Schimmel in der Dusche, Flecken auf dem Teppich, Haare im Bett, und die Macken an den abgestoßenen Möbeln sind mit Heftpflaster repariert worden – eines der Hotels, das das Team des NDR-TV Magazins „Markt“ in Norddeutschland filmte, bot all den Ekel, den man höchstens im TV sehen will. Nie aber in dem Zimmer, in das man gerade selbst seinen Koffer trägt.
Die Redaktion hatte einen Bericht zum Thema „Schmu mit Hotel-Sternen“ machen wollen. Dafür wurden jeweils 15 Häuser in mehreren norddeutschen Städten überprüft – und es stellte sich heraus, dass fast jedes zweite mit Sternen wirbt, die es gar nicht hat. Initiiert wurde die Recherche offenbar durch den Deutschen Hotel und Gaststätten Verband.
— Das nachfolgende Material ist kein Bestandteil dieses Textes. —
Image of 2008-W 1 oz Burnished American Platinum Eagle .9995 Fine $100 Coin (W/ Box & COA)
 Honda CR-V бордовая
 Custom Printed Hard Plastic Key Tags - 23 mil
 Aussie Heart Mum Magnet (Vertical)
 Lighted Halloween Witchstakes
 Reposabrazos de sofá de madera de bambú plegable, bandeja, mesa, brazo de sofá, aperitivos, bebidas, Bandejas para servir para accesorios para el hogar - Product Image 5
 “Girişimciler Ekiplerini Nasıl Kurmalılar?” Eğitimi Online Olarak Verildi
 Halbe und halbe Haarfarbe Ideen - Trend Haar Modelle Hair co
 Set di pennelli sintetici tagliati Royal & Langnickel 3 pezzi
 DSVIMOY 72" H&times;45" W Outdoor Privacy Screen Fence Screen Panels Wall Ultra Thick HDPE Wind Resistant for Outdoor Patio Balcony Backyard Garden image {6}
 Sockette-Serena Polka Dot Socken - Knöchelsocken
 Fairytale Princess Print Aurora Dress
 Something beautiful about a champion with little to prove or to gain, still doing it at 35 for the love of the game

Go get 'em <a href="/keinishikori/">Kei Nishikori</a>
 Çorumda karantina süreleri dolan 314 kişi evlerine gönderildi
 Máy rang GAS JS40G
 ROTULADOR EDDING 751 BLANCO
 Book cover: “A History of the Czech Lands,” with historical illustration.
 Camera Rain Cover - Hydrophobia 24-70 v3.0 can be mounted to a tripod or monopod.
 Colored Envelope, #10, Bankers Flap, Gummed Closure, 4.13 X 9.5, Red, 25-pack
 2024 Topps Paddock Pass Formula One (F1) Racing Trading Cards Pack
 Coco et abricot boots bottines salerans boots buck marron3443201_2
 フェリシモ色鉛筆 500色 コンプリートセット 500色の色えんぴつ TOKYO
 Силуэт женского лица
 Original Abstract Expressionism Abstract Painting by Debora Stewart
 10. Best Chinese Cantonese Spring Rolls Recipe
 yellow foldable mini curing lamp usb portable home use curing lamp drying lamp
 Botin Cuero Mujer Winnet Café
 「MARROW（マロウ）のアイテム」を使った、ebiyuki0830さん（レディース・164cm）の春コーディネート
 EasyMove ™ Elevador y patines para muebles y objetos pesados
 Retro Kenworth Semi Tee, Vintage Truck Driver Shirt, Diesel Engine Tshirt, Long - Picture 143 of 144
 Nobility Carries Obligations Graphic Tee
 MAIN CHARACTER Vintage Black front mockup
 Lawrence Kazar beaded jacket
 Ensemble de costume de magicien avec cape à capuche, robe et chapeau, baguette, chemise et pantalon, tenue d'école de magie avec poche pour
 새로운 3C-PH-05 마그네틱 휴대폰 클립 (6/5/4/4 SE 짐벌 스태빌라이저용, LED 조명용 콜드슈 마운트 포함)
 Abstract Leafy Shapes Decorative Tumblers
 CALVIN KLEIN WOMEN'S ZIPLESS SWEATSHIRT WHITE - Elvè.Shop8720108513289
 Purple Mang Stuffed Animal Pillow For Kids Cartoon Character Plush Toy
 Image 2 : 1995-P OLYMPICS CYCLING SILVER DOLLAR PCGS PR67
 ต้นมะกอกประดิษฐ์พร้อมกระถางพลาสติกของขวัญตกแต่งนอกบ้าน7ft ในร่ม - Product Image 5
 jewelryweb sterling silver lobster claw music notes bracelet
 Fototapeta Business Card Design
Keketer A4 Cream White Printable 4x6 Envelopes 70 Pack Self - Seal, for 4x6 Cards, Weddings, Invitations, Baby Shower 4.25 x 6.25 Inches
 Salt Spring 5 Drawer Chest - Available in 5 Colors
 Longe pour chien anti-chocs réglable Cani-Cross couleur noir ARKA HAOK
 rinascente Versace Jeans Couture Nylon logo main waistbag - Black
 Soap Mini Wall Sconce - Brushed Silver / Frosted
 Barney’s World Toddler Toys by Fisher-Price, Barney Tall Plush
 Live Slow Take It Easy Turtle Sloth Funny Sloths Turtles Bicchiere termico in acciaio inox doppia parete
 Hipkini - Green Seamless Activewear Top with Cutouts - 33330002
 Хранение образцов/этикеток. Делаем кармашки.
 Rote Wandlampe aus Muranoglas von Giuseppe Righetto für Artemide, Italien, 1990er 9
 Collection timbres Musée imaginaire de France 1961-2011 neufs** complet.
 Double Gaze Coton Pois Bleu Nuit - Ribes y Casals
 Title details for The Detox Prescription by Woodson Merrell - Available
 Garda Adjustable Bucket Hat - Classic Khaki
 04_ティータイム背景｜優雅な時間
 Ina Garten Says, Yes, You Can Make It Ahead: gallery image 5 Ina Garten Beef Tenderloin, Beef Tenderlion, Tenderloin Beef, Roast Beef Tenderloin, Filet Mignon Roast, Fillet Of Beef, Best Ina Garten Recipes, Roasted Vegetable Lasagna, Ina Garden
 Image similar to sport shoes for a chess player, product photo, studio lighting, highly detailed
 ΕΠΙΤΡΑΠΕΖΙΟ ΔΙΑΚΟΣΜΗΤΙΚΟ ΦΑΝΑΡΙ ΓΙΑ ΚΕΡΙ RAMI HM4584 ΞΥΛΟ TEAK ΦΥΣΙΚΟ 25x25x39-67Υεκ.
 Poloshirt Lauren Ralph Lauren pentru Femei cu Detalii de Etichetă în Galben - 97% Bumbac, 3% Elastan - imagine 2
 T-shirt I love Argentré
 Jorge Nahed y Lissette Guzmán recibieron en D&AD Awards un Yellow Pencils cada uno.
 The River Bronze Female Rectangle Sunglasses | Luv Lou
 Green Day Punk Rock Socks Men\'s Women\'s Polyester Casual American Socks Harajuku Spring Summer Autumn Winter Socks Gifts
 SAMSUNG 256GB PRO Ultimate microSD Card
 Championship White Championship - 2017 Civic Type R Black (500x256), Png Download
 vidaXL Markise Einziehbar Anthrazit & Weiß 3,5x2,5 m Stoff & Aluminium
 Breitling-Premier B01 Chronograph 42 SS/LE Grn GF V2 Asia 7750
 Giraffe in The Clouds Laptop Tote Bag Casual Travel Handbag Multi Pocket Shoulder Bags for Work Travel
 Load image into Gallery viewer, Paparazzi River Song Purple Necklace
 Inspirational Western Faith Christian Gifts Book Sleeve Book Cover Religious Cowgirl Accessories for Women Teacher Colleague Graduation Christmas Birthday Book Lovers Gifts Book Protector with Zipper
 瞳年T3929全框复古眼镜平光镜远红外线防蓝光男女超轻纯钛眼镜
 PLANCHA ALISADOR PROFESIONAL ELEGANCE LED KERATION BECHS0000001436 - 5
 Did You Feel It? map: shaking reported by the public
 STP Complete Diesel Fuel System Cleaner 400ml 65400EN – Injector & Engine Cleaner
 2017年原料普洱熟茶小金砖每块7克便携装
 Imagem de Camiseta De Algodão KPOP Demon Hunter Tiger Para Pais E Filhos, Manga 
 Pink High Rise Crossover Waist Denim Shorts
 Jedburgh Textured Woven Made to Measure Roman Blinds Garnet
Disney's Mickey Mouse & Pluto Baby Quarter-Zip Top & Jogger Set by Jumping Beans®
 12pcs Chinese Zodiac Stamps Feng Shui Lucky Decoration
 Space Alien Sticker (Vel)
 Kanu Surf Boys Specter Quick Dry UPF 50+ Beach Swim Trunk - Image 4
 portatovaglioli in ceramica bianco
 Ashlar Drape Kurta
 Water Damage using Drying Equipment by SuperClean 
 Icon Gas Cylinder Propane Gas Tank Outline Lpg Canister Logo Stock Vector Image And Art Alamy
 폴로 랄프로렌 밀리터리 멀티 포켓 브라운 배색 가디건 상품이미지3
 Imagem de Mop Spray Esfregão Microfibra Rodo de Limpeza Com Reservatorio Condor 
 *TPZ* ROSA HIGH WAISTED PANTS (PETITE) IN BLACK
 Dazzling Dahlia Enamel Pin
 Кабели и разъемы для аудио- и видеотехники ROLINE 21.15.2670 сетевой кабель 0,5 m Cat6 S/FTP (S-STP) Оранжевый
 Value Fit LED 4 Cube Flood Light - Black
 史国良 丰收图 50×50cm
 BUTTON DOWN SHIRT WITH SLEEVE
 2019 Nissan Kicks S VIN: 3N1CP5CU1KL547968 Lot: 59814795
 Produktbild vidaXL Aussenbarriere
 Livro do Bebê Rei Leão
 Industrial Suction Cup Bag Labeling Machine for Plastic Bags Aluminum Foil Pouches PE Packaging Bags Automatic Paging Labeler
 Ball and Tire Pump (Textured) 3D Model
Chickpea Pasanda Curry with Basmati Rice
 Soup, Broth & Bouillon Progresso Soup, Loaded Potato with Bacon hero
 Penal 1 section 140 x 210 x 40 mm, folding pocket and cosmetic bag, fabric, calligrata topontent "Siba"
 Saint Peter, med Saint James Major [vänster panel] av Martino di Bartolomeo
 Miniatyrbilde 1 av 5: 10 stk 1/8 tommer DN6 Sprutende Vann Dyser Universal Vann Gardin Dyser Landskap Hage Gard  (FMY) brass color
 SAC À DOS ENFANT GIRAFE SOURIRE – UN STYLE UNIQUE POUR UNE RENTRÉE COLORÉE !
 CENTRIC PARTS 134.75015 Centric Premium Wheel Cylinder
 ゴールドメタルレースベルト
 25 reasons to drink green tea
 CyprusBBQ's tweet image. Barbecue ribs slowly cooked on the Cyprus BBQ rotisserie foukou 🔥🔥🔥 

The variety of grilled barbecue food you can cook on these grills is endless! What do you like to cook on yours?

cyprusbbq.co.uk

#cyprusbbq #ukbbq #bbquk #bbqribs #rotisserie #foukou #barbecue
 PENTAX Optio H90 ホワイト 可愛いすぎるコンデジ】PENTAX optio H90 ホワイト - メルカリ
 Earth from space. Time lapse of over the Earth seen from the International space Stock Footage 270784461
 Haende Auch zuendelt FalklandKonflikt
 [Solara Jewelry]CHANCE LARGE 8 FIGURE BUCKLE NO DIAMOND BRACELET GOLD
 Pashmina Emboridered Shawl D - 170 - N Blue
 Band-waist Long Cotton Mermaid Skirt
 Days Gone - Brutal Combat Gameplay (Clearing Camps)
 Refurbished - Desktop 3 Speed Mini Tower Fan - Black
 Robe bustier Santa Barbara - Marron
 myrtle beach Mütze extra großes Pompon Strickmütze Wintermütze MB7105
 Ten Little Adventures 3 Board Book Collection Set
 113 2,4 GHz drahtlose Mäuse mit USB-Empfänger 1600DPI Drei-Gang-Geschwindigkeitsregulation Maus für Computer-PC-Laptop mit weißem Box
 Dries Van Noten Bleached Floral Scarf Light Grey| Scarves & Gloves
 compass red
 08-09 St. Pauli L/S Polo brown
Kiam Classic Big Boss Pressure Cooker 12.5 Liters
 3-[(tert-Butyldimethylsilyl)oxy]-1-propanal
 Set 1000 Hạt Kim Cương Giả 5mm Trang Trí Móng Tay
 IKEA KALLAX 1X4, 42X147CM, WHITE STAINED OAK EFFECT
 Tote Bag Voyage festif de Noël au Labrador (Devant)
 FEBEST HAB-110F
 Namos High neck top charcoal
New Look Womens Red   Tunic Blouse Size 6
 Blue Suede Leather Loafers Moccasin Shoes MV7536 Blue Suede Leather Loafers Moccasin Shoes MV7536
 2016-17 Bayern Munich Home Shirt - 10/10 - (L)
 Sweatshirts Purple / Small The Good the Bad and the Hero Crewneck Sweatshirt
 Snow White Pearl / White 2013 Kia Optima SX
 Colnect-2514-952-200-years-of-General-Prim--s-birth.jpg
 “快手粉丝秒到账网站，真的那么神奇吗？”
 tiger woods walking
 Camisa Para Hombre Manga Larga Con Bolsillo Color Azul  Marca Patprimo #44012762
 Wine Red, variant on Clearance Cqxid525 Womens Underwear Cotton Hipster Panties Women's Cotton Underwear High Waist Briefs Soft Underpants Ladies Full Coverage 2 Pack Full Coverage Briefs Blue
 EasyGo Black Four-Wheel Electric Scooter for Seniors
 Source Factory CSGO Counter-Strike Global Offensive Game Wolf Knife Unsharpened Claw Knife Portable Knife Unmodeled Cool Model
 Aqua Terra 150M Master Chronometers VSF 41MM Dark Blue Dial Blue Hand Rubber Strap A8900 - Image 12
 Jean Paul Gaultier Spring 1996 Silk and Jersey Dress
Im Interview mit Dehoga-Mann Rainer Balke, das nicht im TV-Beitrag sondern nur auf der NDR-Website zu hören ist, verplappert sich der Verbands-Vertreter über den Sinn der Berichterstattung, „die wir angestoßen haben“. Das Ziel sei eine einheitliche Zertifizierung, denn, so Balke: „Nur Dehoga-Sterne sind wahre Sterne.“
Beinahe hätte sich der Sender vor den Verbands-Karren spannen lassen. Denn dass der Dehoga eine einheitliche Zertifizierung verlangt, überrascht nicht: Der Verband verdient gutes Geld daran. So kassiert man – laut Kostentabelle – von einem Hotel 260 bis 1030 Euro für eine Zertifizierung, zuzüglich Mehrwertsteuer. Die gilt für drei Jahre. Hinzu kommen aber noch die jährlichen Mitgliedsgebühren, die für ein mittelgroßes Hotel mit etwa 25 Mitarbeitern rund 650 Euro betragen, ebenfalls plus Mehrwertsteuer.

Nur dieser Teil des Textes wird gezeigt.